Maestro Maull gray hair vs black hair

People have been asking, and believe me, no one was more surprised than the members of The Discovery Orchestra when, after last seeing me in the spring, I walked into rehearsal for Discover The Firebird on September 20th.

I’ll make this short.

I first grew my beard immediately after graduating from high school in 1965.  I liked the way I looked and never wanted to change it. That is to say, I have appeared the way you have all known me for 54 years of my life.  Sometime around 1972, my beard began to turn gray. I was then only 25 years old for heaven’s sake!  What to do?  Well, dye it, of course.  Sometime later, 1980-ish, my hair also began to turn.  Yes – you guessed it – I began to dye my hair as well.  But, by 2016 this practice was beginning to get very old.  It was an unwelcome chore and my wife Marcia began asking: “Are you going to do this until you die?”   It got me thinking, but I wasn’t ready to take the plunge.

Fast forward.  In the spring of 2019, my good friend and valued co-leader of The Discovery Orchestra, Executive Director Ginny Johnston said: “George, you know we’ve never engaged an image consultant for any of our previous four television productions.  What would you think about hiring one to consult with you and also think about the look of the orchestra members?”   “Great idea!” said I. 

Drum roll.  Emily Zacharias, a Broadway actress with many stage credits, and a fellow resident of Maplewood where Ginny lives, agreed to provide this advice.  Emily, also a good friend of Tricia Tunstall who heads our Education Committee, had attended a number of our Discovery Concerts with Tricia and had also watched our previous television productions. 

At the first consulting session, which Ginny also attended, Emily made many complimentary and interesting observations, but two of them especially caught my attention.  One was that, as performers, we should appear honest to the most perceptive members of the audience.  There should not be anything unreal or perhaps not quite believable about us.  (My mind immediately went to the hair dye!) She followed that with suggesting that I consider thinking about whether I was trying to avoid aging. 

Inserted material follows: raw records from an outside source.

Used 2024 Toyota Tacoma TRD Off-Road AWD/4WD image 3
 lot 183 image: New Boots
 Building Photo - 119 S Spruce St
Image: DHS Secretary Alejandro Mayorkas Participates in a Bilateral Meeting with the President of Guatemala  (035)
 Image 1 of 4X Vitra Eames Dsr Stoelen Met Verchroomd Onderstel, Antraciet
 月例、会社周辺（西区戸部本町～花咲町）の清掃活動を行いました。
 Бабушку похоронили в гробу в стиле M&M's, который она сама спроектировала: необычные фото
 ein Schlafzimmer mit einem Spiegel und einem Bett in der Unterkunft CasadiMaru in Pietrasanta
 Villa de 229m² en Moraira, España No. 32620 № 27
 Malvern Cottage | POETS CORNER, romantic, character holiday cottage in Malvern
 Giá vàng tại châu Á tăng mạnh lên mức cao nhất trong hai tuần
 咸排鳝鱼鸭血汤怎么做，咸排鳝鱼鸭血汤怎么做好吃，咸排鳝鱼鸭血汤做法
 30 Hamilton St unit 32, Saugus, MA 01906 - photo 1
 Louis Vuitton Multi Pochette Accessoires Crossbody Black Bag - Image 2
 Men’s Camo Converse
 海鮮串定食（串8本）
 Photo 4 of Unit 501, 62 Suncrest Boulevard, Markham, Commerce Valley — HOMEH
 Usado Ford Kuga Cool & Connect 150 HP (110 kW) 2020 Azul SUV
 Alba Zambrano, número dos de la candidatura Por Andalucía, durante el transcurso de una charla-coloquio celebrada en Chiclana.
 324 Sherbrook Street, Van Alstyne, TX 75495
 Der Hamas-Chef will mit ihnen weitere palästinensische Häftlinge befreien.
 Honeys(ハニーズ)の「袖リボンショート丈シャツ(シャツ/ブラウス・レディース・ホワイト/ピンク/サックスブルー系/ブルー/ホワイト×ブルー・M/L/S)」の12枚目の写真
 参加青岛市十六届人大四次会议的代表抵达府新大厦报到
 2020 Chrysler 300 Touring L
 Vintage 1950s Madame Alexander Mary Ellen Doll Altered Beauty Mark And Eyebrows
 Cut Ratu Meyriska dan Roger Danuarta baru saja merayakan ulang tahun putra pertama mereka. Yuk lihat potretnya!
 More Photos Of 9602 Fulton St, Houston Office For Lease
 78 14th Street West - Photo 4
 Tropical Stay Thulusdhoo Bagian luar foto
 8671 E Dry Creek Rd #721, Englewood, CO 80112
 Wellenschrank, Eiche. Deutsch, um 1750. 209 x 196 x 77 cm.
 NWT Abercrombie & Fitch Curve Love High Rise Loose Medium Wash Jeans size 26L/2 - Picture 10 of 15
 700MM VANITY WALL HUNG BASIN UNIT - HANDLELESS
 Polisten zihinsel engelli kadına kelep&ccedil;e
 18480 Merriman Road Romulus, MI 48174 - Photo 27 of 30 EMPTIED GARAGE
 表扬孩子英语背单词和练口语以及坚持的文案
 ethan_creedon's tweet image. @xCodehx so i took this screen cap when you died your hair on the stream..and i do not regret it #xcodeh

Mmm.  Well, there was no doubt about the latter.  My October birthday was looming.  72!  Yikes!   Emily went on…would I consider visiting her hair stylist.  Together they would conduct some experiments over the summer to make my hair and beard assume their natural color and to “update” my look.  If I didn’t like the results, we could always change them before the September 22nd recording for American Public Television.  And so, knowing that I was headed for a week in Tanglewood in June ­– where no one would know me – I agreed…not without a degree of reluctance and perhaps even a smidgeon of fear.  By July, I was looking in the bathroom mirror and wondering: “Who is that?”   Even Marcia confessed to being startled as we would wake up together in the morning.

All’s well that ends well.  Everyone who sees the “new me” for the first time says:  “George! You look great!”  In fact, one friend saw me come in the door and exclaimed:  “George, you look real!”   I don’t know what I was so frightened of – the unknown perhaps, or just my profound attachment to the “old me.”  But now…I’m liberated!